Italo. Educazione di un reazionario, di Vincenzo Filosa (Rizzoli-Lizard)
Dopo il racconto attorno alla passione per il gekiga (il manga per adulti, spesso sperimentale, degli anni 50/60) di Viaggio a Tokyo, e quello dell’infanzia all’ombra di un padre assente e mitizzato di Figlio unico, Filosa torna a parlare di sé. Inevitabile: come ha spesso riconosciuto, il fumettista di Crotone fatica a inventare mondi e personaggi che siano frutto di pura invenzione (eccezione: la serie con Nicola Zurlo Cosma e Mito), preferendo mettere sul piatto quella che è l’esperienza personale, naturalmente romanzata in fumetti che lui stesso ha definito «infedelmente autobiografici».
Italo. Educazione di un reazionario è la prosecuzione ideale di questo percorso: Italo è un fumettista apparentemente realizzato, con una famiglia amorevole e un lavoro gratificante. È anche dipendente dagli antidolorifici. Il percorso di disintossicazione rivelerà le insicurezze e i problemi di una personalità molto più conformista di quanto volesse (far) credere.
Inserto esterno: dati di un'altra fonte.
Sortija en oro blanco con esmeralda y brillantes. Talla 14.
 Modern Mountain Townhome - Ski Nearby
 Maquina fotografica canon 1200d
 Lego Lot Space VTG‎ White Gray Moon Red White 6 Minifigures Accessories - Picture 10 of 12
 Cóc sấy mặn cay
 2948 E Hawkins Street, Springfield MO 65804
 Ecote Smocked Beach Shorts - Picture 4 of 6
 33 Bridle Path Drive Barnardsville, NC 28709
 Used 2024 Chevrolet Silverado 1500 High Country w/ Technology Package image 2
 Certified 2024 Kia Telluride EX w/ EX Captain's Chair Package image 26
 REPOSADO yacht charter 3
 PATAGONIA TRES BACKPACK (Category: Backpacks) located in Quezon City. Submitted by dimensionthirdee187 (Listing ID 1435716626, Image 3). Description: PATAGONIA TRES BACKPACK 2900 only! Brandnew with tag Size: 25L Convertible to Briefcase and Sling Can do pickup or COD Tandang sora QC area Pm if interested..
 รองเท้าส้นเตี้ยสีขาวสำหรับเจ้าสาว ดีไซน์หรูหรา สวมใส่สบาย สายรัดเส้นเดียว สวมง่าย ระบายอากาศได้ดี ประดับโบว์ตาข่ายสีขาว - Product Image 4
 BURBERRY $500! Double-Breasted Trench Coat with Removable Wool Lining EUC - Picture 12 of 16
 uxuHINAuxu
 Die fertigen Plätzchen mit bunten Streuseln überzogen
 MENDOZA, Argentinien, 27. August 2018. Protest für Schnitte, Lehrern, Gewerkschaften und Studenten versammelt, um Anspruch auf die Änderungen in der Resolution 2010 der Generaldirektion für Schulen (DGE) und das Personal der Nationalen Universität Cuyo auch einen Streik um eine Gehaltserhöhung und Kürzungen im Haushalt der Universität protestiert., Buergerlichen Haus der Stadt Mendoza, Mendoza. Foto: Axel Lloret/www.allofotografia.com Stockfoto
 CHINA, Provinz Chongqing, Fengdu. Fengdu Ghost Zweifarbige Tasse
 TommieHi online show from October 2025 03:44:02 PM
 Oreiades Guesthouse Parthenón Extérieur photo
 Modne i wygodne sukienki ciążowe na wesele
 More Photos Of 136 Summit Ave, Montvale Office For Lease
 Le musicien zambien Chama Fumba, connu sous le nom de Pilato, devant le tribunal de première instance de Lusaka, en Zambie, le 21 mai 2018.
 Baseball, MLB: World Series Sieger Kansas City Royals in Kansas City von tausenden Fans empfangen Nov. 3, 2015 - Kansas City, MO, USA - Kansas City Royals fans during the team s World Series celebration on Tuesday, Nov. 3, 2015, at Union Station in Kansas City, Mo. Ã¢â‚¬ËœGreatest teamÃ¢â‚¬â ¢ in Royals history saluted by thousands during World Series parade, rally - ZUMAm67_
Come una piccozza contro il ghiaccio, Filosa frantuma il proprio doppelgänger senza remore, con uno sguardo analitico e distante da ogni pietismo, riuscendo a inserire discorsi sullo stato del fumetto italiano e sulle sue storture. La vita di Italo è messa su carta con un segno che sembra filtrare Peter Bagge e Charles Burns attraverso una sensibilità nipponica, e un bianco e nero ipnotico e cristallino. Italo è insomma una bella conferma: delle capacità immaginifiche di Filosa, nonché del suo stile anfibio, il più giapponese degli autori italiani, il più calabrese dei mangaka.